** Supplied records follows **
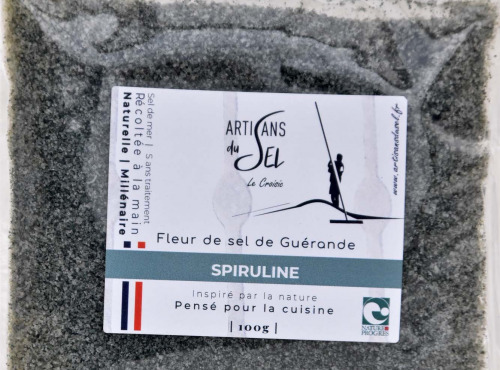 Artisans du Sel - Fleur de Sel de Guérande à la Spiruline 100g x 14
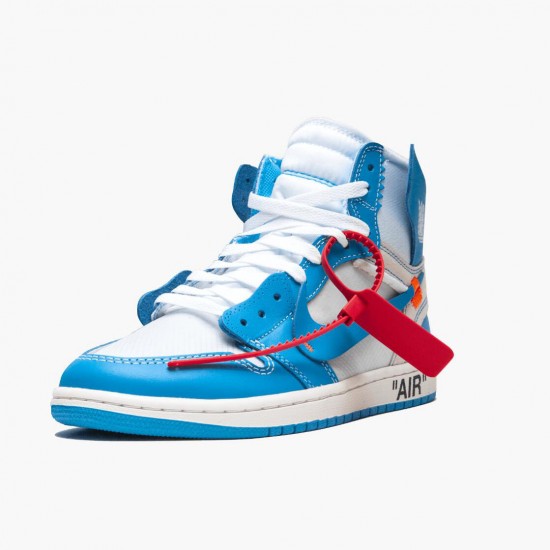 Sale Cheap Air Jordan 1 Retro High Off White University Blue AQ0818 148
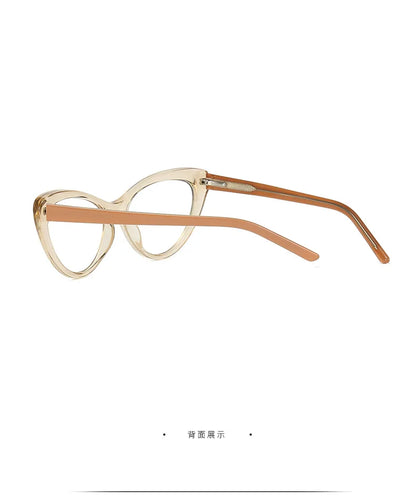 HONGMEI Women's  Cat's Eye Fashion Eyeglasses Frames Anti-Blue Light Reading Glasses Customizable Myopia Hyperopia Myopia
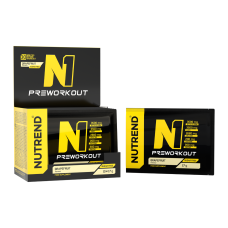 Передтренувальний комплекс N1,Nutrend, 10 x 17 g, грейпфрут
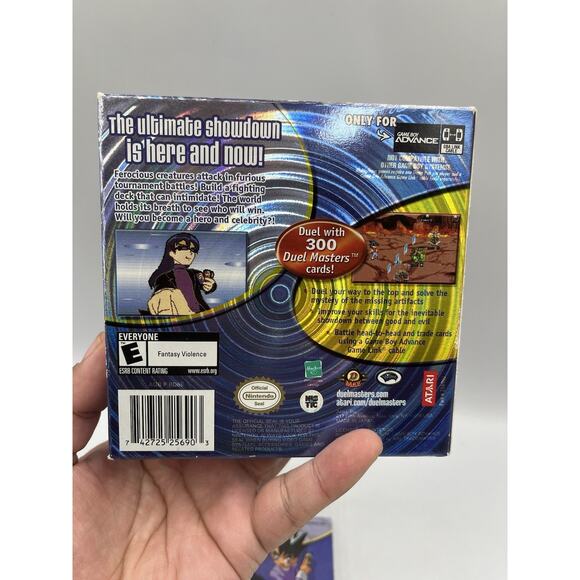 Duel Masters Kaijudo Showdown Nintendo Game Boy Advance GBA Authentic Complete - Picture 9 of 11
** End of Supplied records **
Work task. Nothing but the lines from the line with "Myopia Hyperopia Myopia" through the last line of the data above should be printed, exactly as written and without pictures.

Solution to the exercise.
 HONGMEI Women's  Cat's Eye Fashion Eyeglasses Frames Anti-Blue Light Reading Glasses Customizable Myopia Hyperopia Myopia
 Передтренувальний комплекс N1,Nutrend, 10 x 17 g, грейпфрут
 Duel Masters Kaijudo Showdown Nintendo Game Boy Advance GBA Authentic Complete - Picture 9 of 11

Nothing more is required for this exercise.